Seguendo questo ragionamento, però, si rischia di entrare nel gioco perverso voluto da Renzi in diretta televisiva. Quello su cui riflettere è che un politico che si spaccia per statista, che è stato premier, si disinteressi completamente della situazione di totale emergenza nella quale vive ognuno di noi per mettere se stesso al centro della scena, per oscurare il suo nemico giurato.

          Ora la domanda è questa: come ha fatto quella pattuglia di parlamentari a decidere di seguire questo personaggio che, facendo nascere Italia Viva, dopo la formazione del Conte Due, uscendo dal Pd, aveva già in mente la strategia che lo ha portato alle ultime scelte. E’ vero che da poco ha rilasciato un’intervista a La Stampa in cui affermava che ormai per lui la politica è solo tattica, ma si poteva sperare che la pratica di questa teoria la riservasse per momenti di reale conflittualità politica, non in una situazione emergenziale come quella che stiamo attraversando e con il rischio reale di consegnare il Paese alle destre.

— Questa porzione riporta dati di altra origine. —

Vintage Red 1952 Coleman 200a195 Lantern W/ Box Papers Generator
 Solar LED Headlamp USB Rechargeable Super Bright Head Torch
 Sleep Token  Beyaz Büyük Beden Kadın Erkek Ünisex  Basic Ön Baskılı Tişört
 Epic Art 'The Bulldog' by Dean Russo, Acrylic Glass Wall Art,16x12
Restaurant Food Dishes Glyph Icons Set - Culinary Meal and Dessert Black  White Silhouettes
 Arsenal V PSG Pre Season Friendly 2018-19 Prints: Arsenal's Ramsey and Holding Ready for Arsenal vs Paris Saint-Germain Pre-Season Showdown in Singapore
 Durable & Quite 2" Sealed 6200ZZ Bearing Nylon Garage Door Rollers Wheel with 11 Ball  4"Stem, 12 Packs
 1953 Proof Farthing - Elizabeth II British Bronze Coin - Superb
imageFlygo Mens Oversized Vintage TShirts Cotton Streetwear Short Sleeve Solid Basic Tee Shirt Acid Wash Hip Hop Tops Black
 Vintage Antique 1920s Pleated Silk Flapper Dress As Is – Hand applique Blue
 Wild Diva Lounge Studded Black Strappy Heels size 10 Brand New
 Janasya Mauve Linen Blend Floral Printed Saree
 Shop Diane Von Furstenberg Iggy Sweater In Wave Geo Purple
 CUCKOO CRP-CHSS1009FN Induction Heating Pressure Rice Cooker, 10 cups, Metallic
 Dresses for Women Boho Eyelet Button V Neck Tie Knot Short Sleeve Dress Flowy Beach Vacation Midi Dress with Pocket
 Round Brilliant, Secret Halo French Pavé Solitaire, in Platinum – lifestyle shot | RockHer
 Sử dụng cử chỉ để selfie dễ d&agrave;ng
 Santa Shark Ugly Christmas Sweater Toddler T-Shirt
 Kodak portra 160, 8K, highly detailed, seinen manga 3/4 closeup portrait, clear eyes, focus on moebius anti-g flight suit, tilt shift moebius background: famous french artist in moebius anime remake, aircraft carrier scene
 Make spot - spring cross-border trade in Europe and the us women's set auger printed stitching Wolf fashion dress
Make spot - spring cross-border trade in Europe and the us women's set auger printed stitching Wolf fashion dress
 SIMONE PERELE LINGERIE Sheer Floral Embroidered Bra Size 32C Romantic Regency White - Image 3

          Lo aveva già fatto con Enrico Letta. “Stai sereno” gli aveva più volte ripetuto, poi l’aveva pugnalato, ottenendo anche il plauso di buona parte dei suoi compagni di partito di allora. Un Machiavelli da strapazzo, che fa pensare più alle beghe fiorentine tra Guelfi e Ghibellini che alla storia democratica dell’Italia Repubblicana. Chi continuerà a seguirlo? Cosa combinerà ancora per scardinare l’unica maggioranza possibile, pur di contare di più?

          Un’intuizione felice l’aveva avuta pochi giorni fa Massimo D’Alema quando aveva affermato che solo qui da noi può avvenire che l’uomo più popolare d’Italia, come dai sondaggi risulta ancor oggi essere Giuseppe Conte, possa essere messo sotto attacco dal più impopolare di tutti.

          E la popolarità del presidente del consiglio è derivata proprio dal fatto che finalmente in quest’Italia dello scaricabarile una persona ha avuto il coraggio di assumersi responsabilità e di mettere la faccia su provvedimenti non proprio popolari, ottenendo la gratitudine, prima ancora della condivisione politica, da parte della maggioranza degli italiani.

          Ma al di là di questo, quello che dovrebbe contare è il senso di solidarietà, di condivisione, di comprensione per i guai che il paese sta attraversando che dovrebbe spingere all’unità, non alle divisioni.

          Lo ha detto Mattarella, lo ha detto anche papa Francesco: in questa frase deve contare il ‘noi’, non l’’io’.

          La risposta dell’ideologo di Rignano sull’Arno è arrivata il giorno successivo al compimento del 46esimo anno di vita. Con la rabbia di un adolescente cresciuto male, adulato anche quando sarebbe stato meglio sculacciarlo.